* Work instruction:
Without the images, print all the entries below exactly as given.

* Stored data:

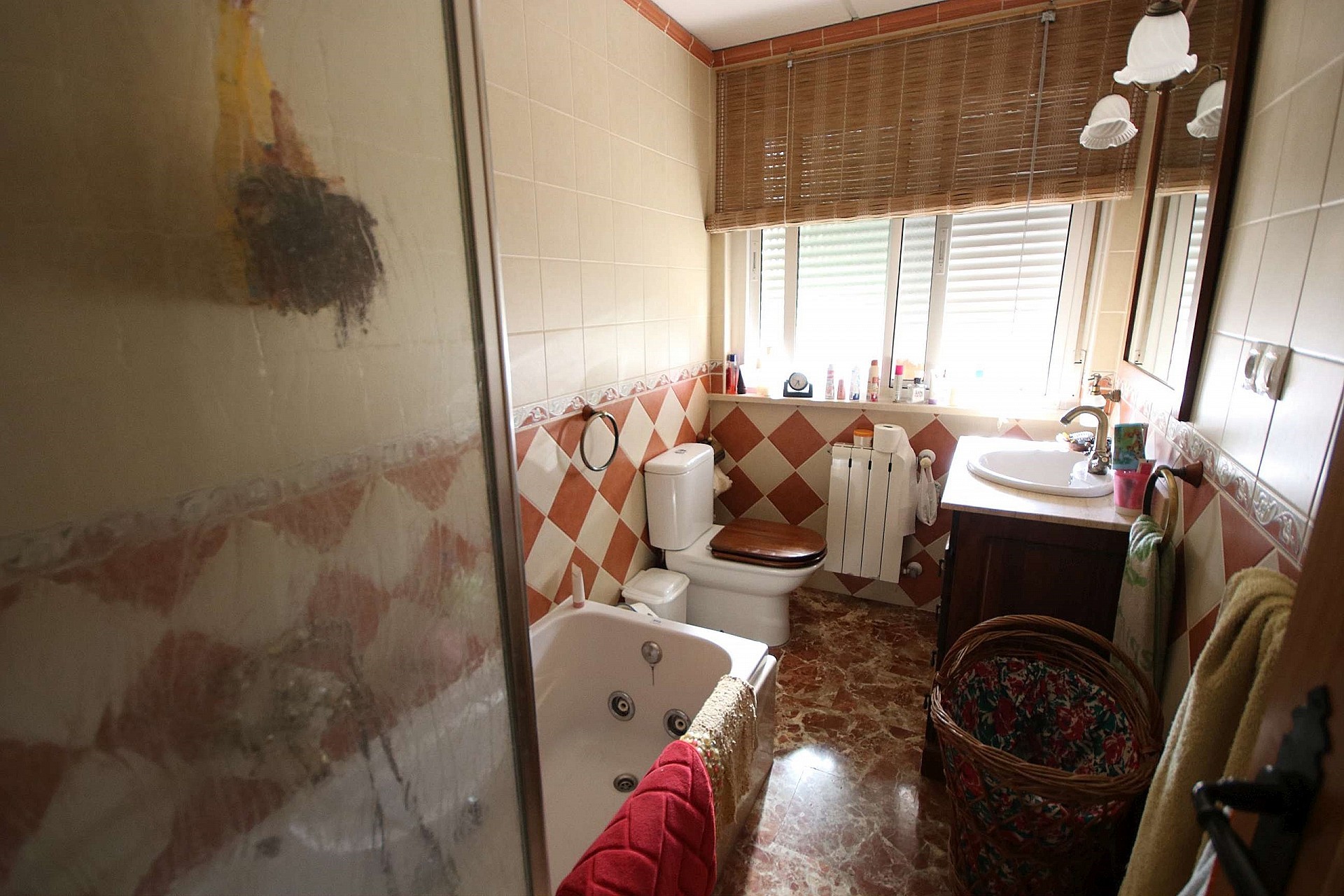 w_skbjmxn803utyigkscg4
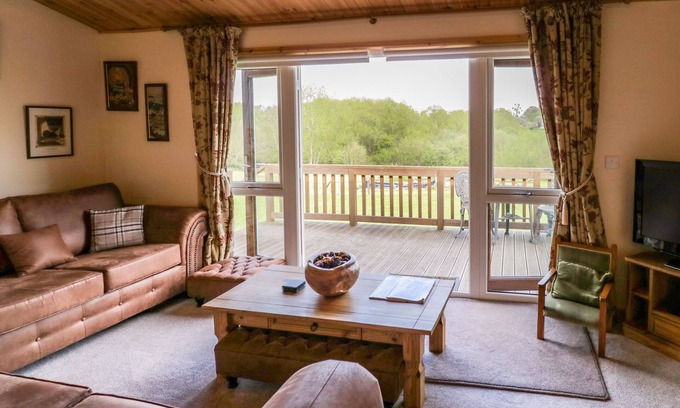 Defford Cottage | BROOKSIDE LODGE, with a garden in Defford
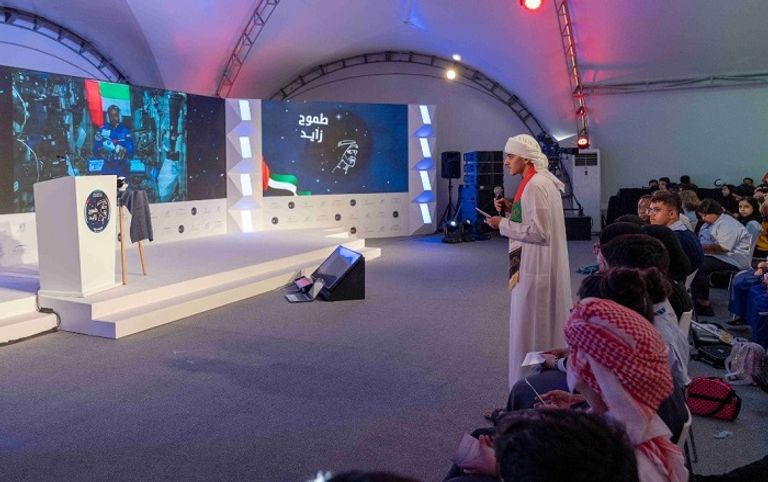 طلاب يشاركون المنصوري التحكم بالروبوت على محطة الفضاء الدولية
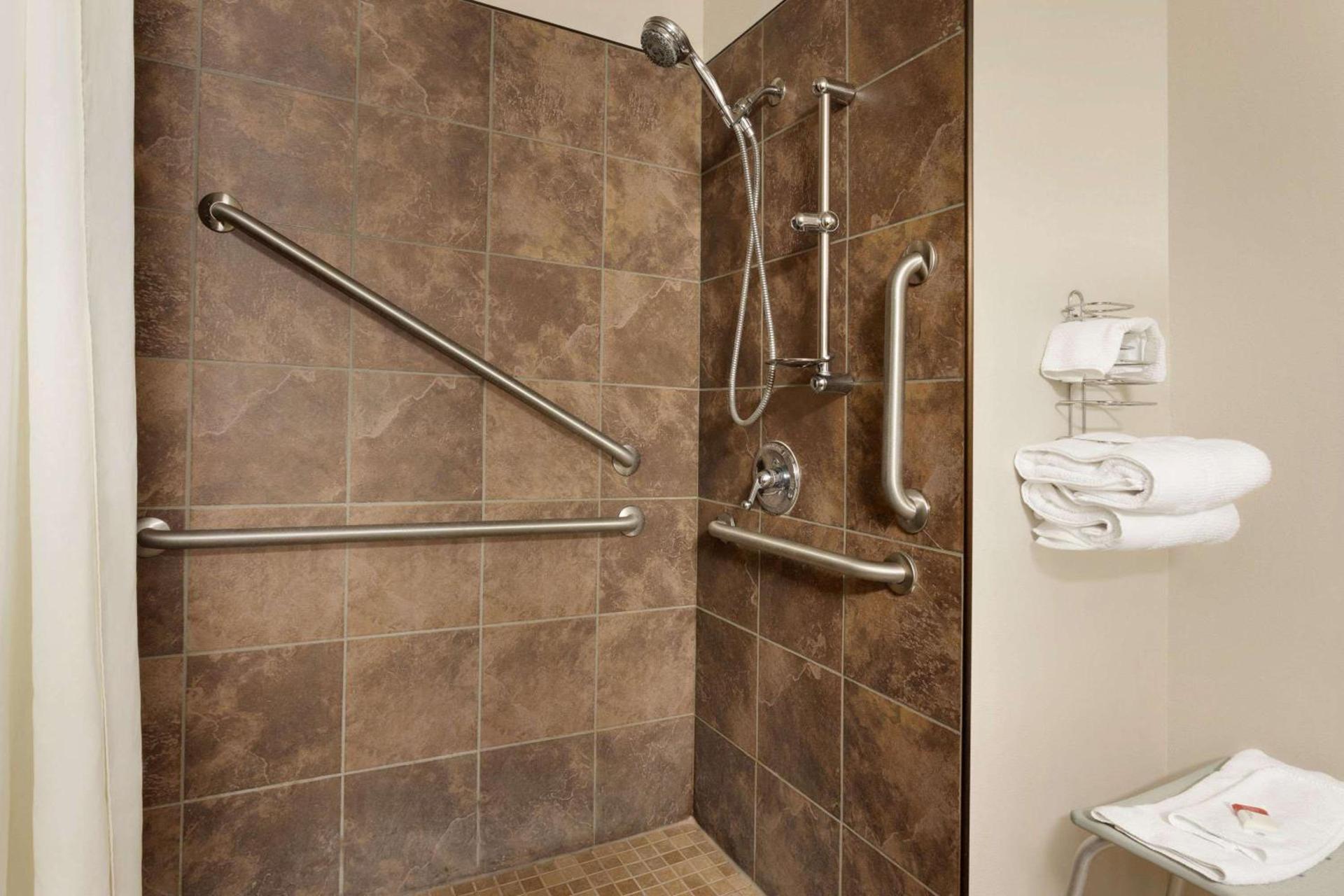 Travelodge by Wyndham Jefferson City photo 13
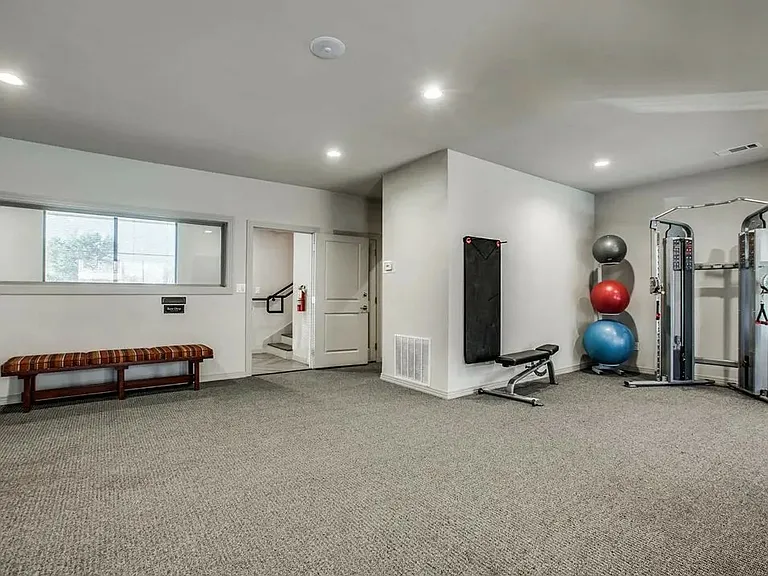 Richland Park Apartments — Photo 18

* Answer box:
 w_skbjmxn803utyigkscg4
 Defford Cottage | BROOKSIDE LODGE, with a garden in Defford
 طلاب يشاركون المنصوري التحكم بالروبوت على محطة الفضاء الدولية
 Travelodge by Wyndham Jefferson City photo 13
 Richland Park Apartments — Photo 18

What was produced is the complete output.